DPLM-2: A Multimodal Diffusion Protein Language Model
Xinyou Wang, Zaixiang Zheng, Fei Ye, Dongyu Xue, Shujian Huang, Quanquan Gu
2024-10-21

Summary
This paper introduces DPLM-2, a new multimodal model that can understand and generate both the sequences and structures of proteins, improving how we study and design these essential biological molecules.
What's the problem?
Proteins are crucial for life, and their functions depend on their specific sequences of amino acids and their three-dimensional shapes. Current methods for modeling proteins often use separate models for sequences (the order of amino acids) and structures (the 3D shape), which makes it hard to capture the complex relationships between the two. This separation can lead to less effective predictions and designs when trying to understand or create proteins.
What's the solution?
To address this issue, the authors developed DPLM-2, which combines the understanding of both protein sequences and structures into a single model. They created a system that converts 3D coordinates of protein structures into discrete tokens, allowing the model to learn how sequences relate to their shapes. By training on both real experimental data and high-quality synthetic data, DPLM-2 learns to generate compatible amino acid sequences along with their corresponding 3D structures all at once, rather than in separate stages. This approach improves efficiency and accuracy in protein modeling.
Why it matters?
This research is important because it enhances our ability to predict and design proteins, which are vital for many biological processes and applications in medicine, biotechnology, and research. By improving how we model proteins, DPLM-2 could lead to better drug designs, understanding of diseases, and advancements in synthetic biology.
Abstract
Proteins are essential macromolecules defined by their amino acid sequences, which determine their three-dimensional structures and, consequently, their functions in all living organisms.

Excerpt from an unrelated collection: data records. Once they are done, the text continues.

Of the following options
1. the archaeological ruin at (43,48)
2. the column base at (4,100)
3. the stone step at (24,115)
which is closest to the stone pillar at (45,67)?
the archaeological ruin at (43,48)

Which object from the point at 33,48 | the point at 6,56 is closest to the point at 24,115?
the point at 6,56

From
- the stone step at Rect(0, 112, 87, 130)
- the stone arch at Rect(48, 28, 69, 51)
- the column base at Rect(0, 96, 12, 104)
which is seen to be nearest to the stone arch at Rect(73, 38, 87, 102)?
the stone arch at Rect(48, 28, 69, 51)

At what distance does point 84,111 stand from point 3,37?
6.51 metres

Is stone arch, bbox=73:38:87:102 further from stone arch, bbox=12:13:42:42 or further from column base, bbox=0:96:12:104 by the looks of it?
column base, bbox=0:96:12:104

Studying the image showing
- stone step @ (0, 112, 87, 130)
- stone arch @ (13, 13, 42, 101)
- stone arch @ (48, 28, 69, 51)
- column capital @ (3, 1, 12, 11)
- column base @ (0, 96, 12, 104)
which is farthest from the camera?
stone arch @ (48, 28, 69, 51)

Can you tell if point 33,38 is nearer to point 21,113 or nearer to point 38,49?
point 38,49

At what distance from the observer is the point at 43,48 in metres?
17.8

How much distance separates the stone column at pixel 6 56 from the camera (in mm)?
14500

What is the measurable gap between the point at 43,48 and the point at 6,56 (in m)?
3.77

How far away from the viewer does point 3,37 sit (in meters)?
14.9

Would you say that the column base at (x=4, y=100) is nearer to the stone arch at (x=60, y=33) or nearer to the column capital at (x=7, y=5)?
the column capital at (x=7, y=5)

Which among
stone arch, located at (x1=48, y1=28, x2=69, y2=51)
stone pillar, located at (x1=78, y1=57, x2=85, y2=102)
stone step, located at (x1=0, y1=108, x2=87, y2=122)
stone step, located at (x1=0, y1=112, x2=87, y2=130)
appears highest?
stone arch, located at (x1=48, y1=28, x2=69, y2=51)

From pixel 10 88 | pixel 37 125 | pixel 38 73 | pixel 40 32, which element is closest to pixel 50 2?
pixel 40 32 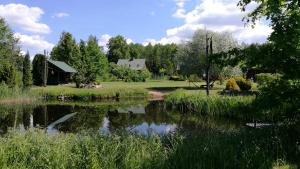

Therefore, generative protein modeling necessitates a multimodal approach to simultaneously model, understand, and generate both sequences and structures. However, existing methods typically use separate models for each modality, limiting their ability to capture the intricate relationships between sequence and structure. This results in suboptimal performance in tasks that requires joint understanding and generation of both modalities. In this paper, we introduce DPLM-2, a multimodal protein foundation model that extends discrete diffusion protein language model (DPLM) to accommodate both sequences and structures. To enable structural learning with the language model, 3D coordinates are converted to discrete tokens using a lookup-free quantization-based tokenizer. By training on both experimental and high-quality synthetic structures, DPLM-2 learns the joint distribution of sequence and structure, as well as their marginals and conditionals. We also implement an efficient warm-up strategy to exploit the connection between large-scale evolutionary data and structural inductive biases from pre-trained sequence-based protein language models. Empirical evaluation shows that DPLM-2 can simultaneously generate highly compatible amino acid sequences and their corresponding 3D structures eliminating the need for a two-stage generation approach. Moreover, DPLM-2 demonstrates competitive performance in various conditional generation tasks, including folding, inverse folding, and scaffolding with multimodal motif inputs, as well as providing structure-aware representations for predictive tasks.